## SUPPLIED MATERIAL

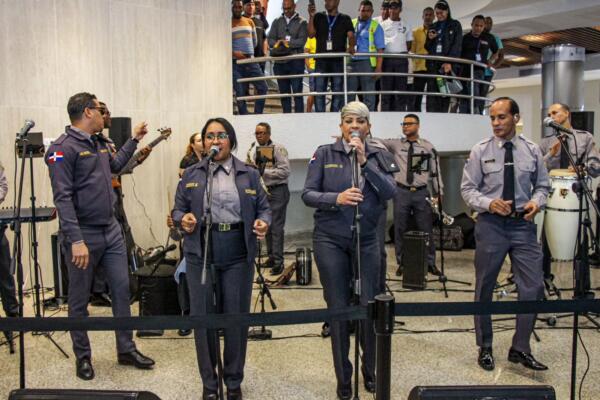 ¿Un RD Police Show?: Policía Nacional lleva música y diversión a viajeros en el AILA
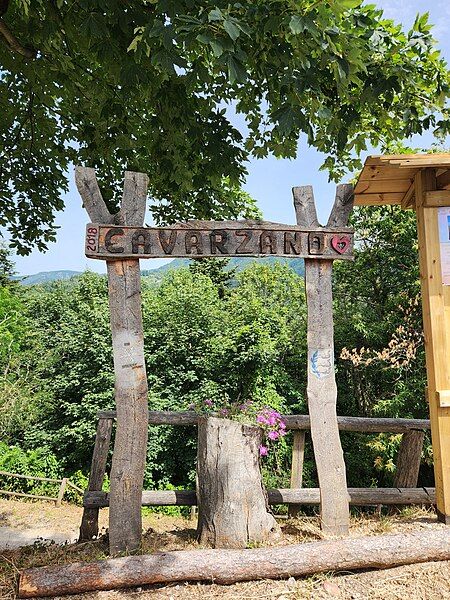 File:Cavarzano sign.jpg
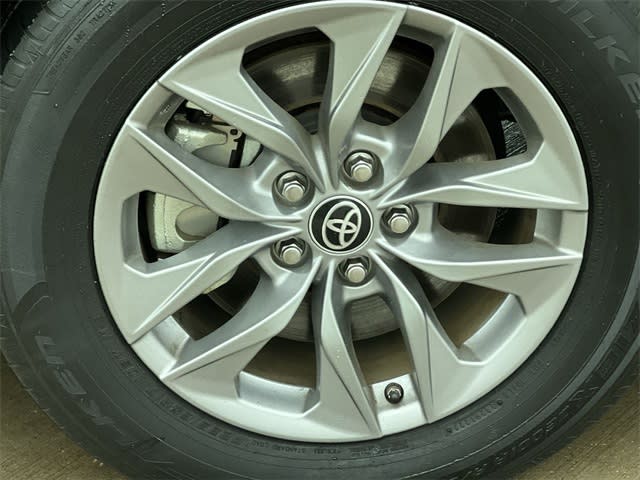 2022 Toyota Sienna XLE 8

## WORK TO BE COMPLETED
Please copy the data shown above word for word, omitting the pictures.

## SOLVED EXERCISE
 ¿Un RD Police Show?: Policía Nacional lleva música y diversión a viajeros en el AILA
 File:Cavarzano sign.jpg
 2022 Toyota Sienna XLE 8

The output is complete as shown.